Try it: Report all lines of the data below that hold the word "woman".

Task inputs:
* * *
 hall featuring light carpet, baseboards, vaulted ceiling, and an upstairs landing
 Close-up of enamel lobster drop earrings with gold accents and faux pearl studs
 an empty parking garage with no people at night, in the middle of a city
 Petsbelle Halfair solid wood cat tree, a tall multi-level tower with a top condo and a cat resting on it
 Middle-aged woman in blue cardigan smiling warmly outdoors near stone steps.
* * *
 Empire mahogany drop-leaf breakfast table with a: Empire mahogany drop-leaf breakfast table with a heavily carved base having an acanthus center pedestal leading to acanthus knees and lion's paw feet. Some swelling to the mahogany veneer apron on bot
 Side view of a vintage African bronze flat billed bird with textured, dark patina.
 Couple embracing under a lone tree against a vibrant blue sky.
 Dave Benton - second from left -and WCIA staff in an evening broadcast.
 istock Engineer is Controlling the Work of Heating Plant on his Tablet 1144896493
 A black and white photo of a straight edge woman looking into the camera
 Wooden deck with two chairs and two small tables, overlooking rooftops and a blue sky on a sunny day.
* * *
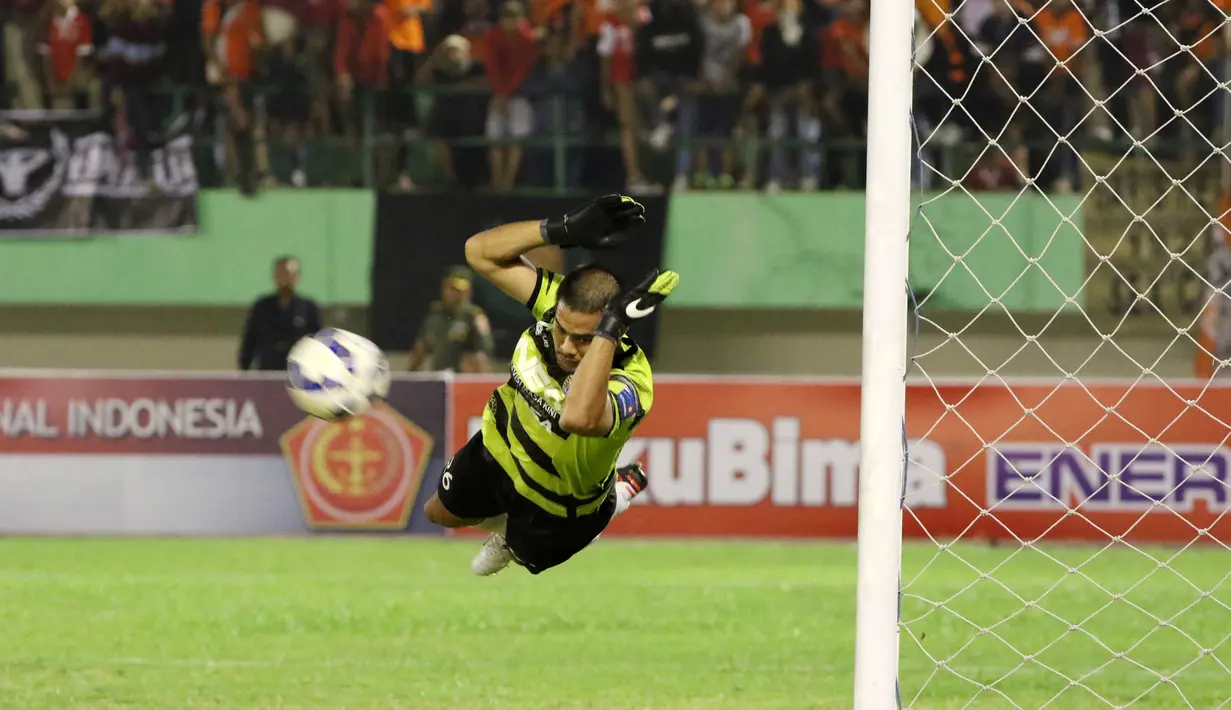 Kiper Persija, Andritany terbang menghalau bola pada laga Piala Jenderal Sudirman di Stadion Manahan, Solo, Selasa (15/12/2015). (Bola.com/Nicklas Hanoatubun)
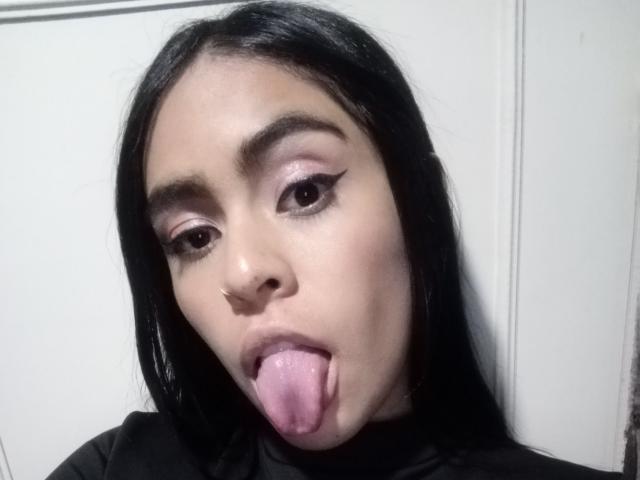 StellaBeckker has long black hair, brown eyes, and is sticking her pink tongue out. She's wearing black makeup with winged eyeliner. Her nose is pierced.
* * *
Exercise answer:
 Middle-aged woman in blue cardigan smiling warmly outdoors near stone steps.
 A black and white photo of a straight edge woman looking into the camera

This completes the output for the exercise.